-- PROBLEM DETAILS --
Retype, word for word, the line holding "Hotel Perivolas" and every line below it to the end of the listing. Leave out the pictures.

-- RECORDS SHOWN --
================
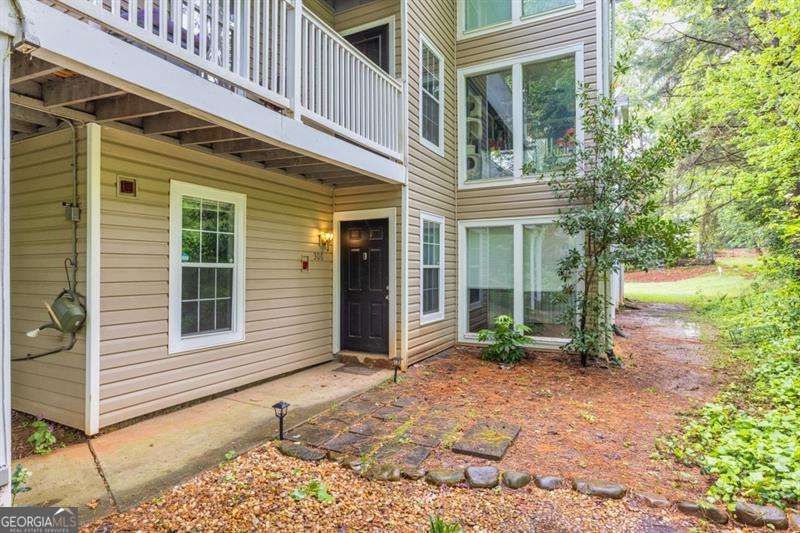 306 Augusta Dr in Marietta, GA - Building Photo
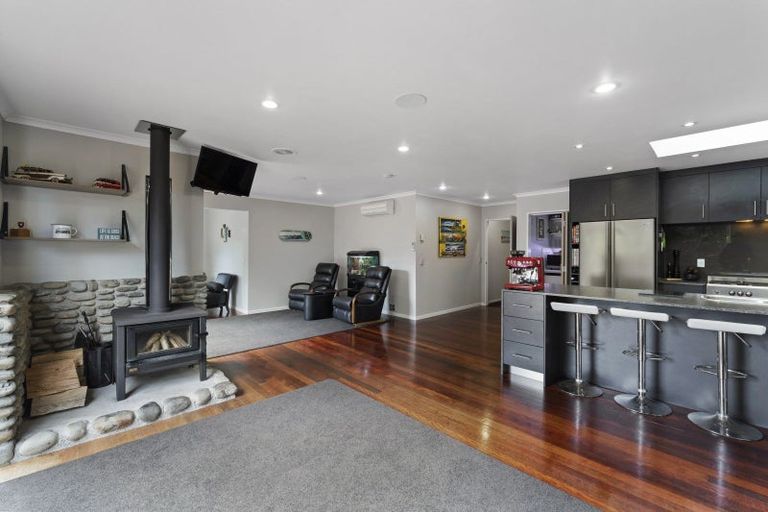Photo of property in 58 Wood Leigh, Paraparaumu Beach, Paraparaumu, 5032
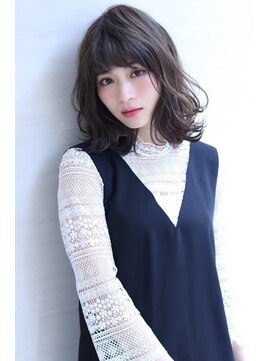 オーロ(ORO) 大人気アッシュカラーミディアムスタイル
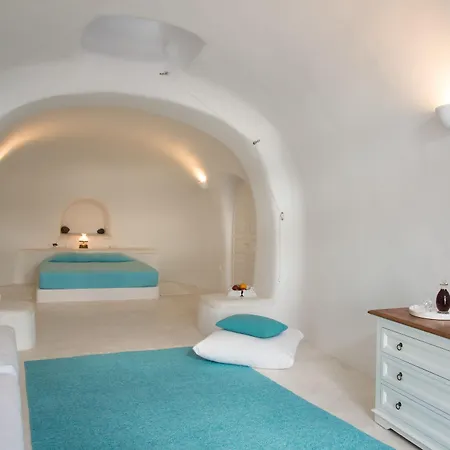Hotel Perivolas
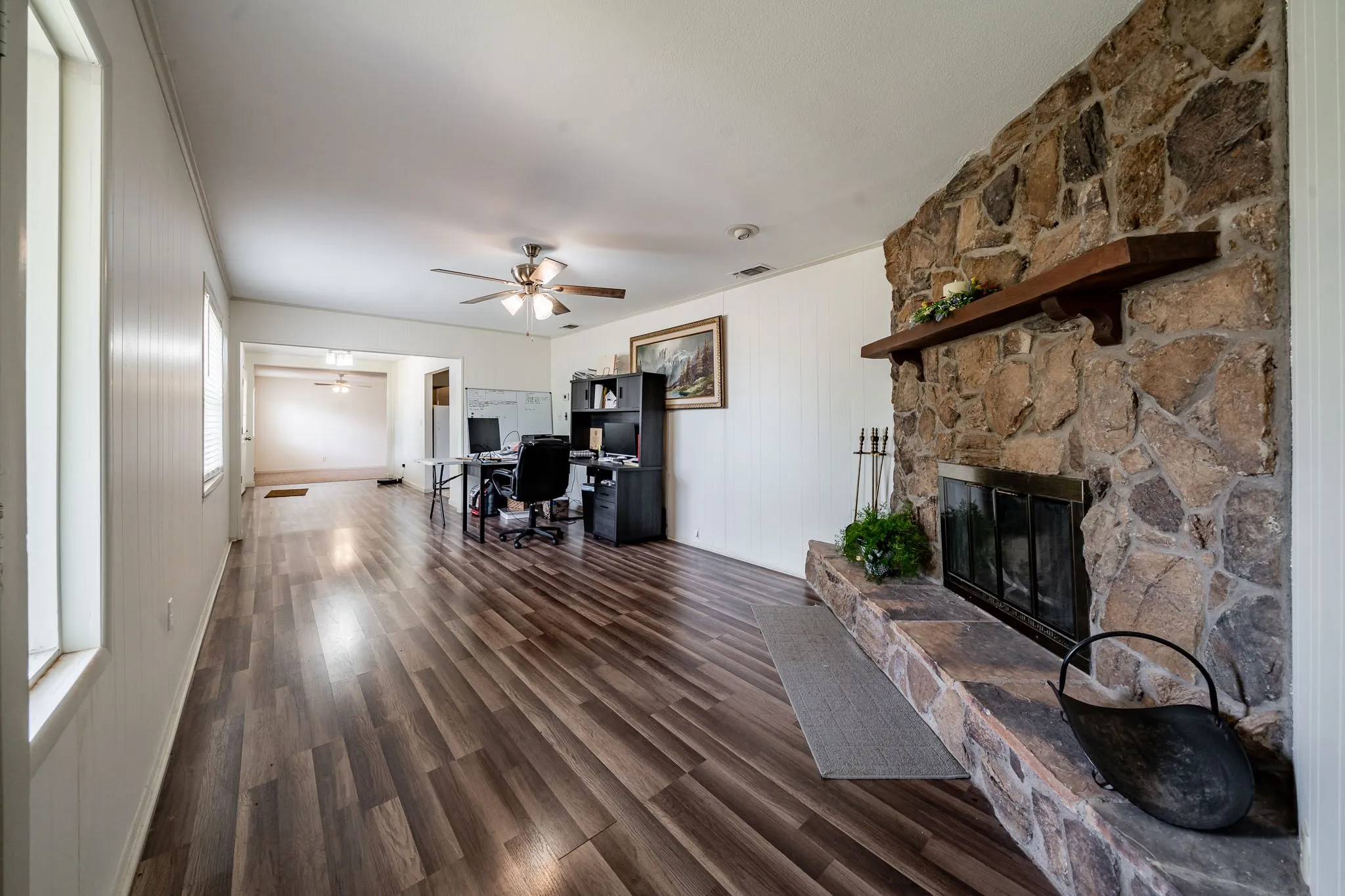 Single Family Residence For Sale in Jones County , 10992 State Highway 6, Avoca, Texas 79503, 3 Bedroom, 2 Bathroom, Garage spaces, 2,122 Sqft, built in 1948, mls#21287445, Real Estate Agent in Avoca, Homes For Sale in Jones county, Homes For Sale in Avoca, Realtor in Avoca Texas, Real Estate Brokerage Independent Realty Texas, Luminita Cordes Realtor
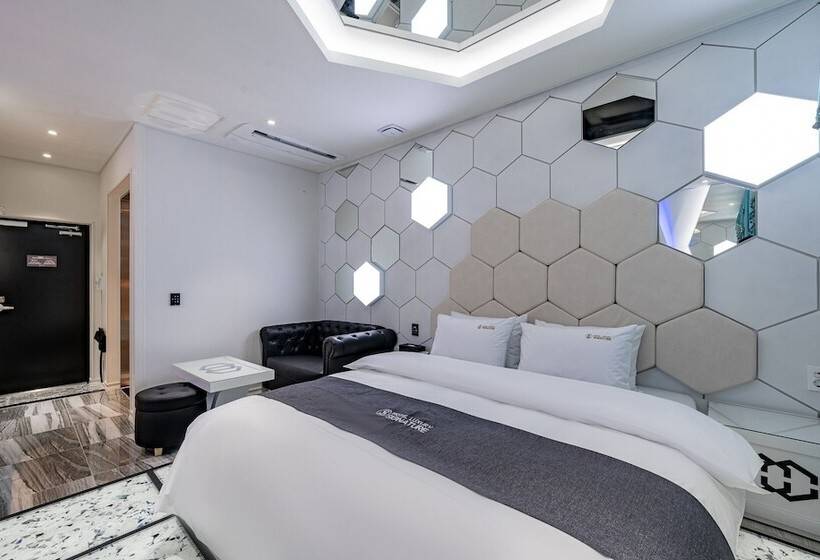 Motel Goseong Luxury Hotel Signature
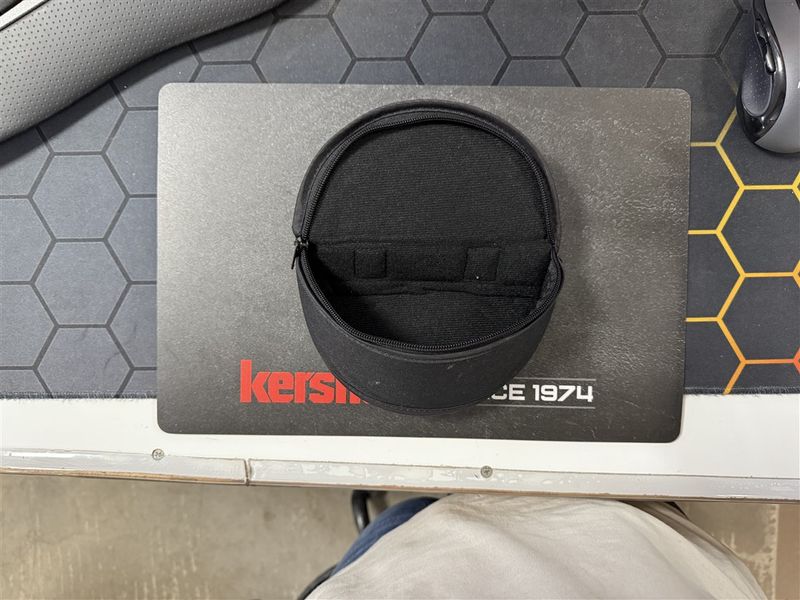 ESS GLASSES CASE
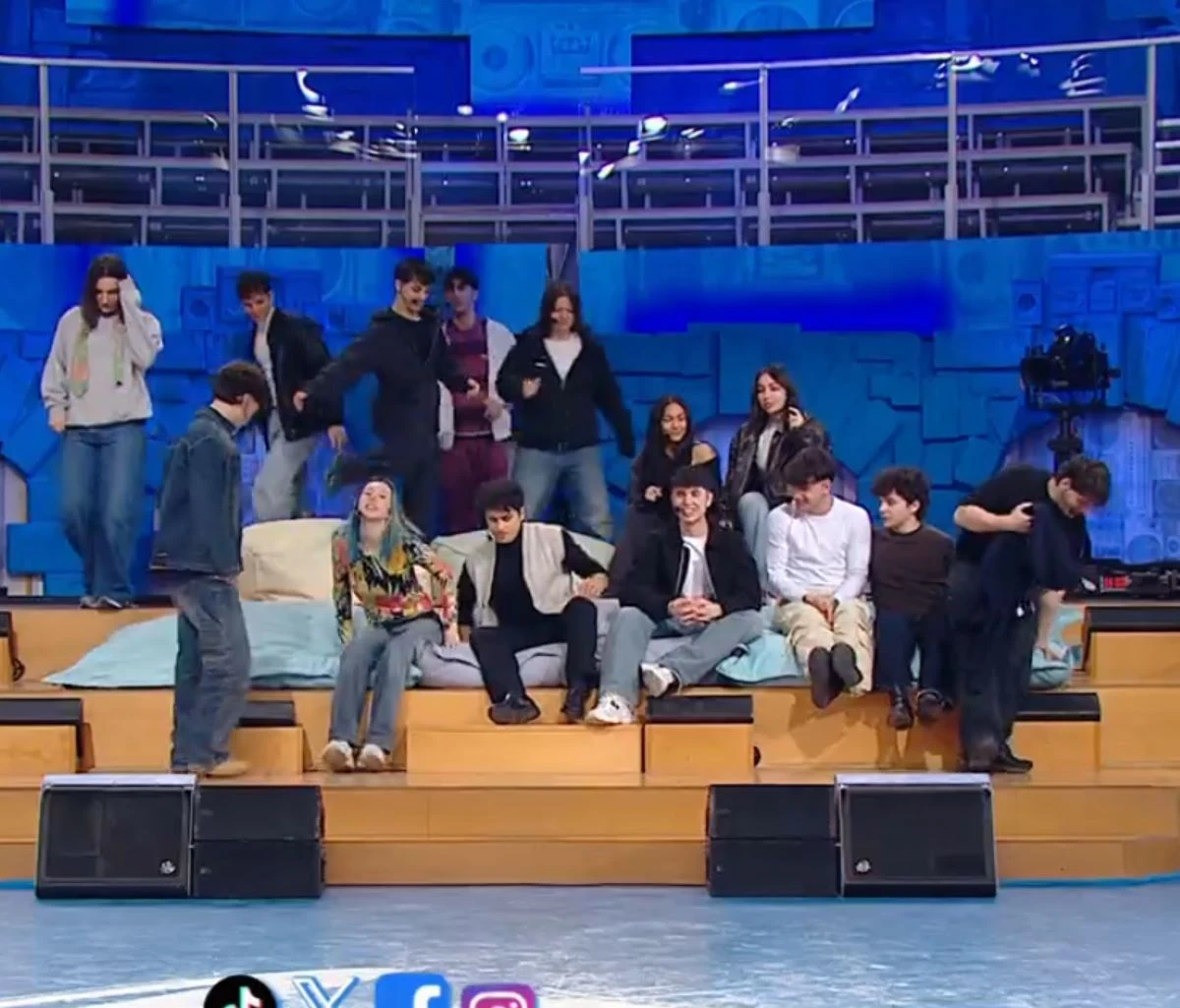 Gli allievi di Amici 25 in studio durante il Serale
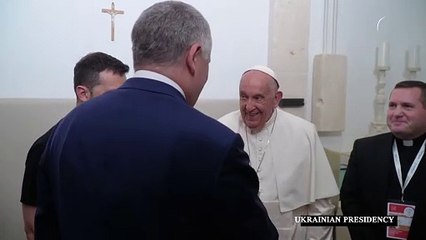 زيلينسكي يلتقي البابا في إيطاليا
================
-- PROBLEM SOLUTION --
Hotel Perivolas
 Single Family Residence For Sale in Jones County , 10992 State Highway 6, Avoca, Texas 79503, 3 Bedroom, 2 Bathroom, Garage spaces, 2,122 Sqft, built in 1948, mls#21287445, Real Estate Agent in Avoca, Homes For Sale in Jones county, Homes For Sale in Avoca, Realtor in Avoca Texas, Real Estate Brokerage Independent Realty Texas, Luminita Cordes Realtor
 Motel Goseong Luxury Hotel Signature
 ESS GLASSES CASE
 Gli allievi di Amici 25 in studio durante il Serale
 زيلينسكي يلتقي البابا في إيطاليا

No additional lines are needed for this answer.